Transcribe exactly the lines below that begin at the line with "Steelheader Craig Lannigan" and stop after the line with "Rice porridge ginger", leaving out every picture.

── DATA SECTION

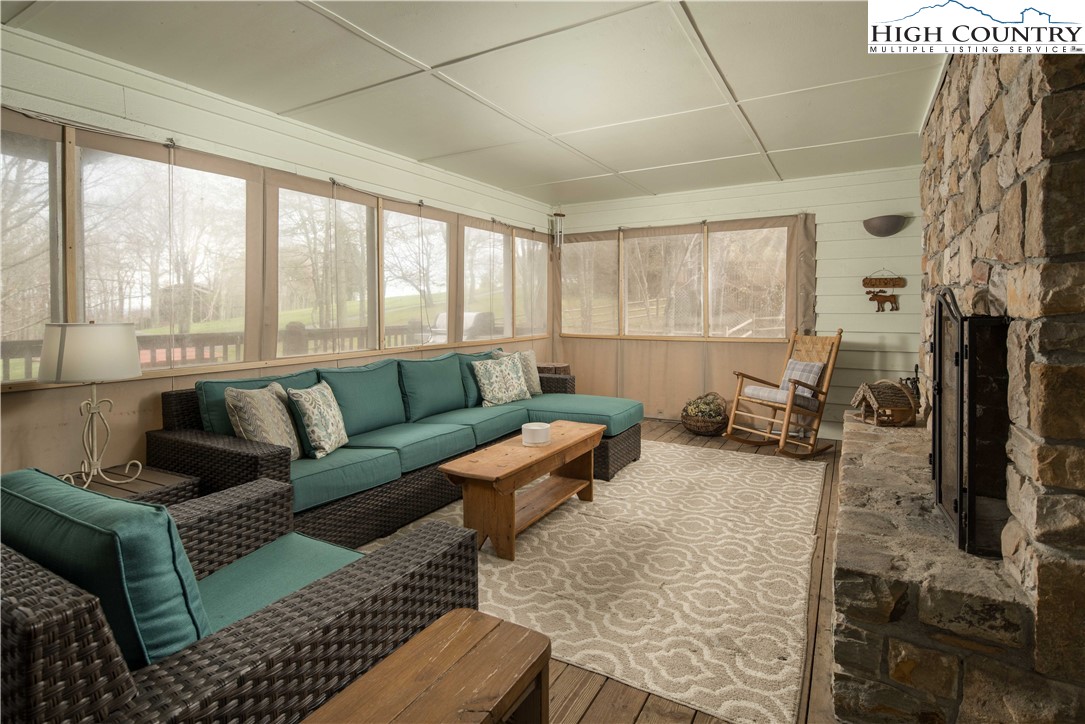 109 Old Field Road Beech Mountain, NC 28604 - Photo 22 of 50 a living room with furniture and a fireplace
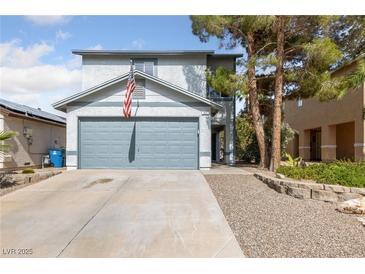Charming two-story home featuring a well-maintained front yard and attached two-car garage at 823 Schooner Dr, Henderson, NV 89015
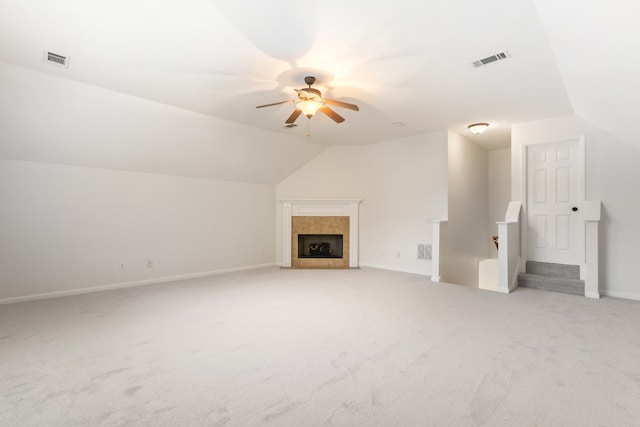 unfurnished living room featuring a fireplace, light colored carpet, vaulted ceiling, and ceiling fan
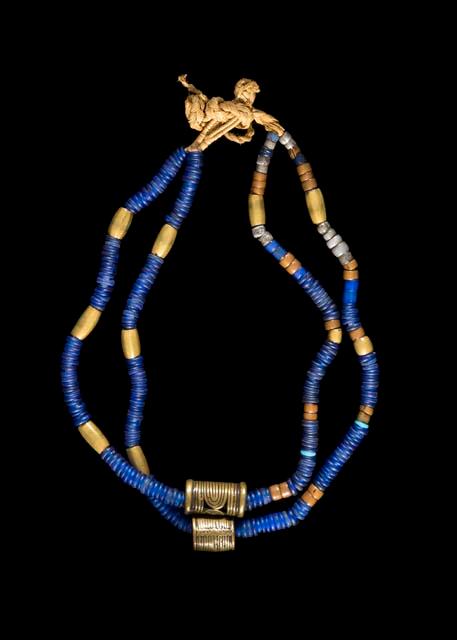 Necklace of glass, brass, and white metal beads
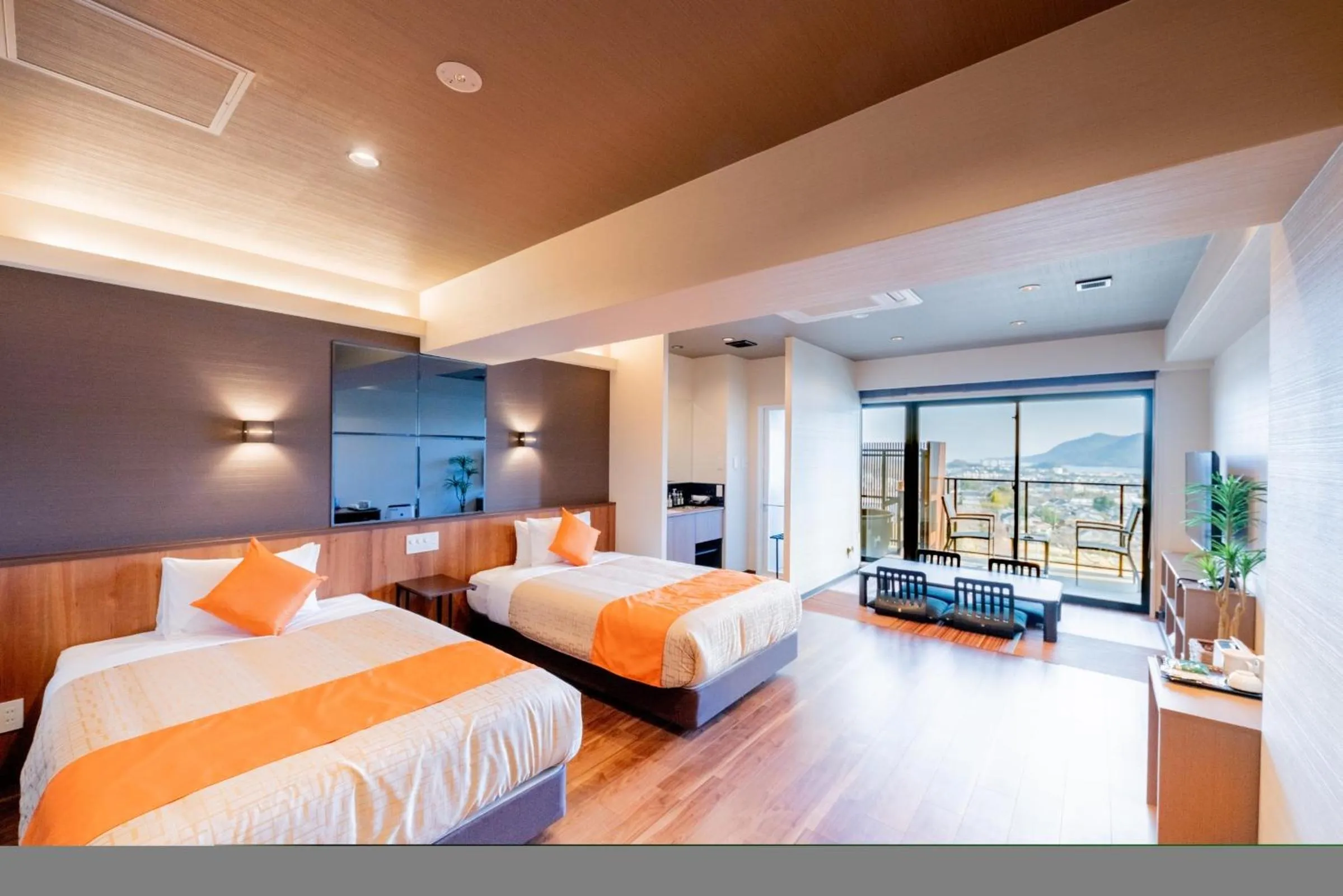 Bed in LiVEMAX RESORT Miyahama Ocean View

────
── DATA SECTION

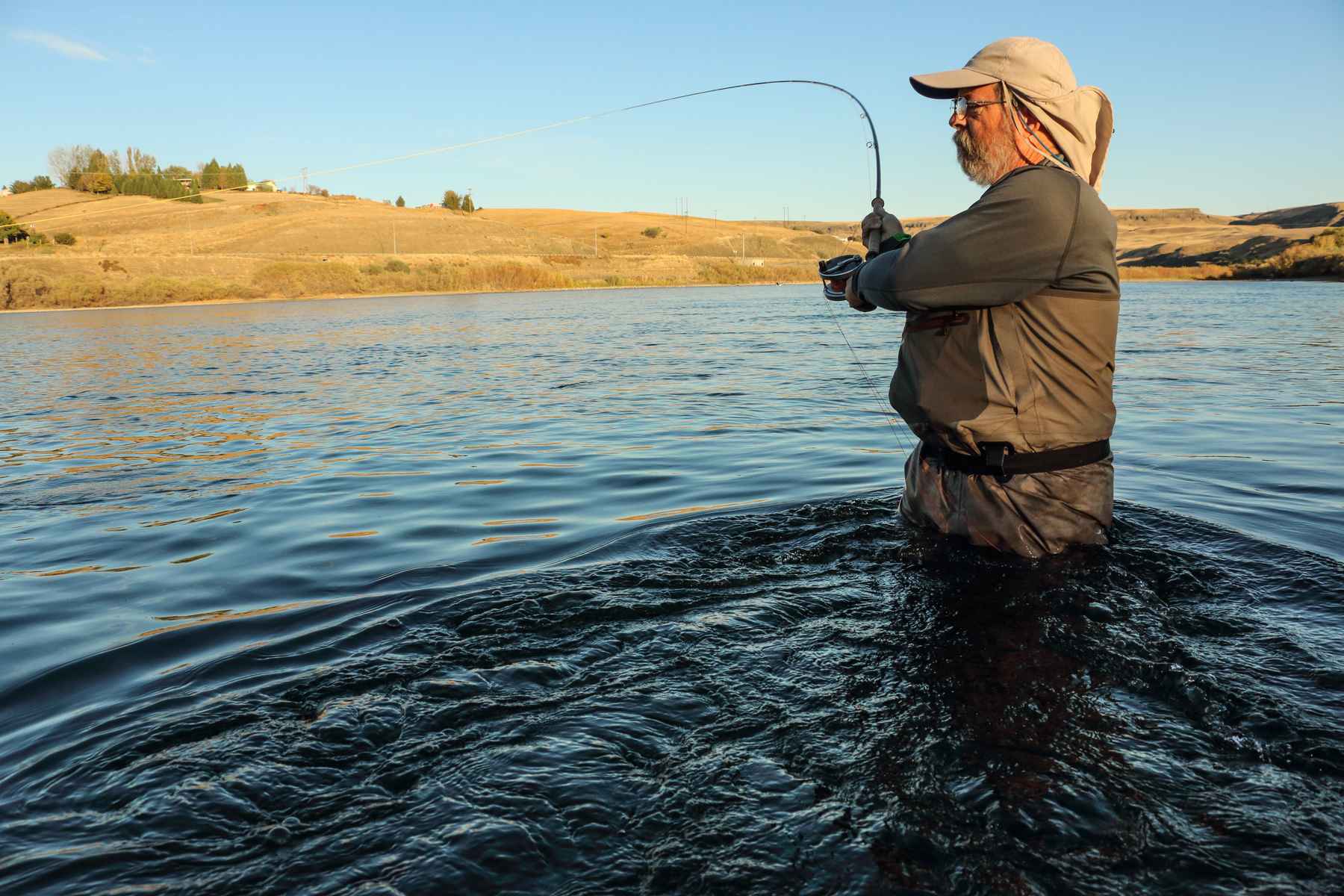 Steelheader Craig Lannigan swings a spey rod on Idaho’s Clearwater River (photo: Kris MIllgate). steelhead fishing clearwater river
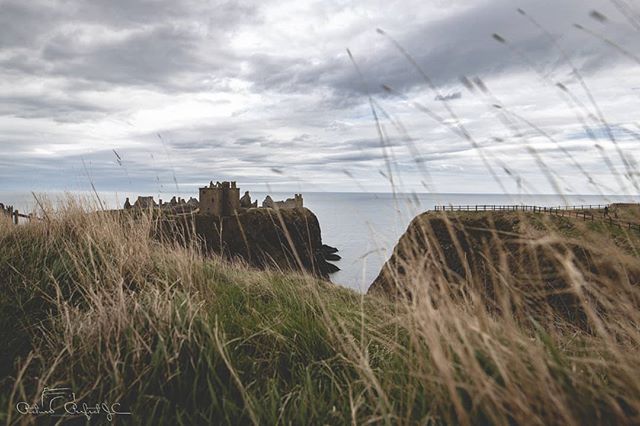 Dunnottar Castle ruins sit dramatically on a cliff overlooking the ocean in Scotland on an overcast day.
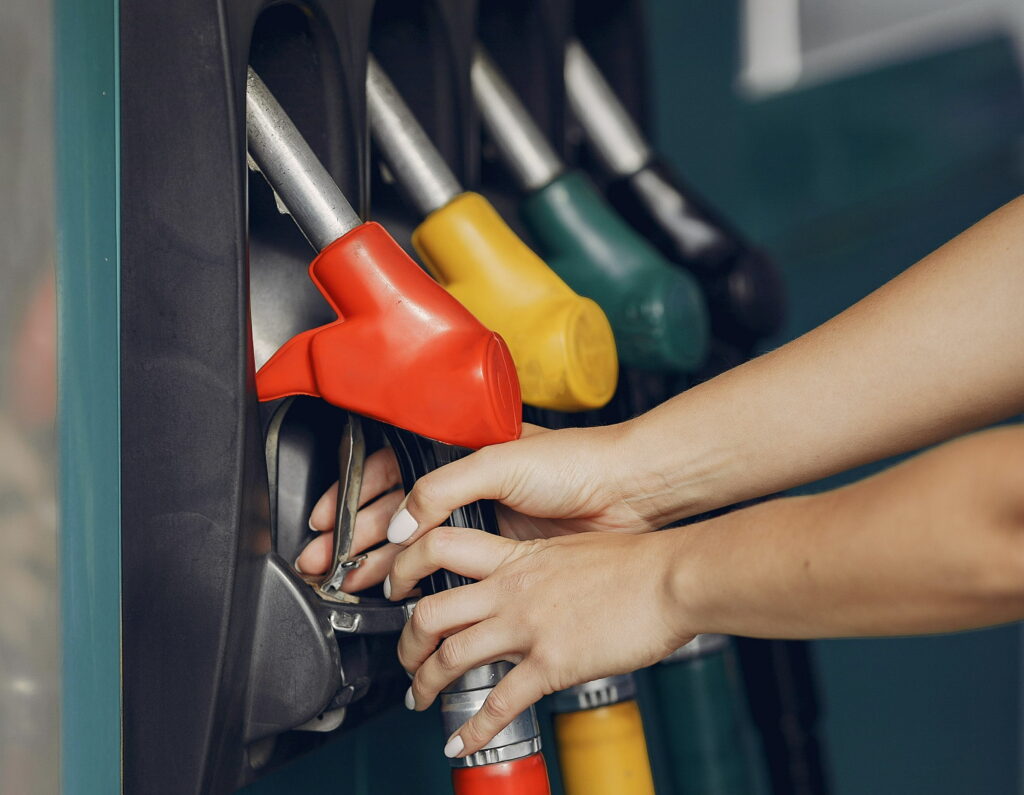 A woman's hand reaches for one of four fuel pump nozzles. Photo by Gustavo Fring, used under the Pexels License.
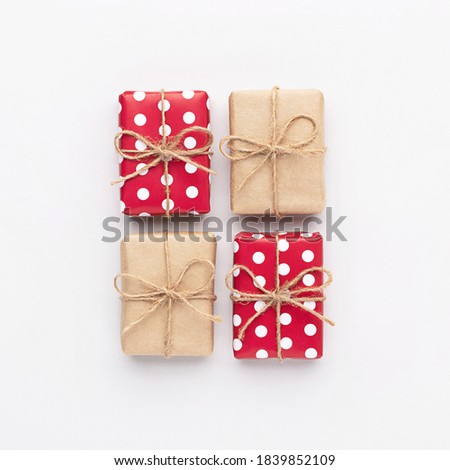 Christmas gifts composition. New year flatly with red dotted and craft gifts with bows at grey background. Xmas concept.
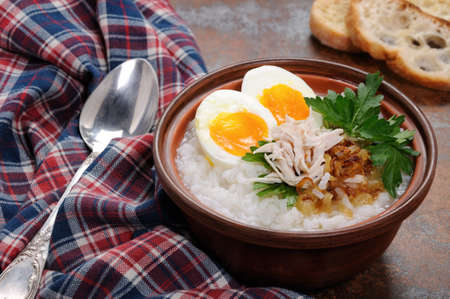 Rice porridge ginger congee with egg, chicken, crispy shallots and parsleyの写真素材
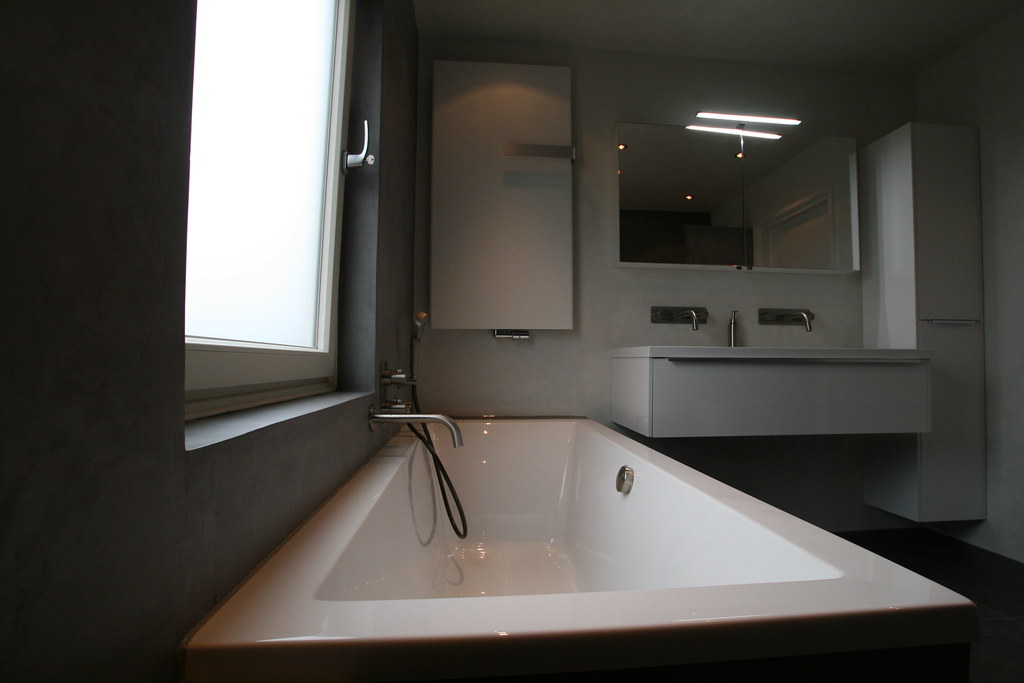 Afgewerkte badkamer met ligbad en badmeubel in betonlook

────

_RESPONSE:_
 Steelheader Craig Lannigan swings a spey rod on Idaho’s Clearwater River (photo: Kris MIllgate). steelhead fishing clearwater river
 Dunnottar Castle ruins sit dramatically on a cliff overlooking the ocean in Scotland on an overcast day.
 A woman's hand reaches for one of four fuel pump nozzles. Photo by Gustavo Fring, used under the Pexels License.
 Christmas gifts composition. New year flatly with red dotted and craft gifts with bows at grey background. Xmas concept.
 Rice porridge ginger congee with egg, chicken, crispy shallots and parsleyの写真素材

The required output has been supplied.